There are many other possibilities if you have a mega board

I recently wrote a speed optimized digitalWrite() for Teensyduino. It runs that loop at 223 kHz on non-PWM pins and 195 kHz on PWM pins.

If anyone’s interested in porting it back to the Arduino core, it’s available and open source. Just run the installer, then look for it in pins_teensy.c inside the teensy_serial or teensy_hid directories.

Here is the sketch for a mega board or duamilove, don’t know which you have but I have both which should generate 5.333MHz on Pin12

Ah. The timer output to arduino pin mapping is different on Mega vs Diecimila; the signal shows up on pin 10 of the Diecimila. Once I corrected for that I did indeed get 5.33MHz on pin 10. Not a square wave, though; high for twice as long as it is low.

The timer output to arduino pin mapping is different on Mega vs Diecimila; the signal shows up on pin 10 of the Diecimila. Once I corrected for that I did indeed get 5.33MHz on pin 10.

Yes about pin, there are a bit different depending diecemila / duamilanove or mega eventhough the core sketch I gave you works on both.

I suggest you try my second sketch to find out ultimate case of 8 MHz on pin9 of diecemila instead of pin 11 of mega.

Not a square wave, though; high for twice as long as it is low.

I’m sure you know this already but to not create confusion, the timers really work at correct frequencies but what happens is the arduino drivers and/or Atmega drivers are not enough fast to generate sharp PW waves. You might want to plug an external fast speed driver IC then you’ll get nice waveform on your scope.

The first example really does generate a non-square wave. It ought to be obvious: 5.33 = 16/3, so it’s a 3-cycle waveform. Lacking any sort of clock multiplier, that’s going to be two cycles in one state and one in the other state… (or, you’re counting from 0 to 2 and flipping the bit at 1, so depending on which edges are involved, we have one state for 0,1 and the other for 2, or one state for 0, and the other for 1,2…)

The second example did generate a 8Mhz square wave (on pin 10 of the diecimila, I think. I didn’t check both 9 and 10.) Interpret the code as "count from 0 to 0 and toggle the output each time you finish (ie toggle every cycle, so output = clock/w))
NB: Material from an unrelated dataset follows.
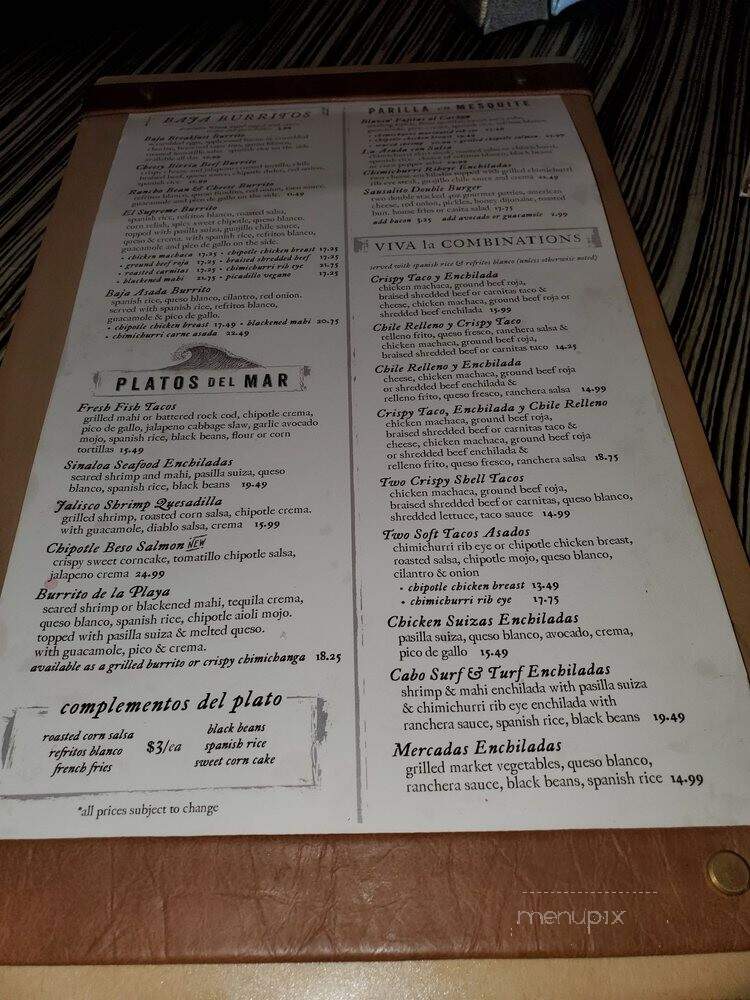 Panama Joe's Cafe Bar - Long Beach, CA menu_pic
The timer-generated output signals are quite a bit less interesting than the software-controlled ones, IMO. Although people seem to have used such things to help drive LCD displays in a jitter-free fashion… Hmm.

About the first example, then you might want to try

• PWM, Phase & frequency correct
• PWM, Phase correct
because I gave you the code for fast PWM which goes higher freq but is less jitter stable.

For Fast PWM and OCR1A=3, timer1 frequency=16MHz/(1+TOP)=16MHz/3

For PWM phase and/or frequency correct, timer1 frequency is 16MHz/(2*TOP). Since your initial sofwtare controlled code was producing 2,667 MHz, you could choose OCR1A=TOP=2 in order to get 4MHz and setting OCR1B=1 to get 50% PWM. The phase and/or frequency correct does not provide maximum frequency but does provide very stable jitter due to its counting up-down timer construction.

Anyway, we’re clearly pushing the limits of Atmega toggling outputs frequency

In any case, you need good external fast drivers otherwise signal distorsion will occur.

Could you post the code? Please?

The basic code I am using, from the Fade example, has a base frequency of about 500Hz. To simplify and reduce the size of a lot of the inductors it would be nice to work at 50kHz.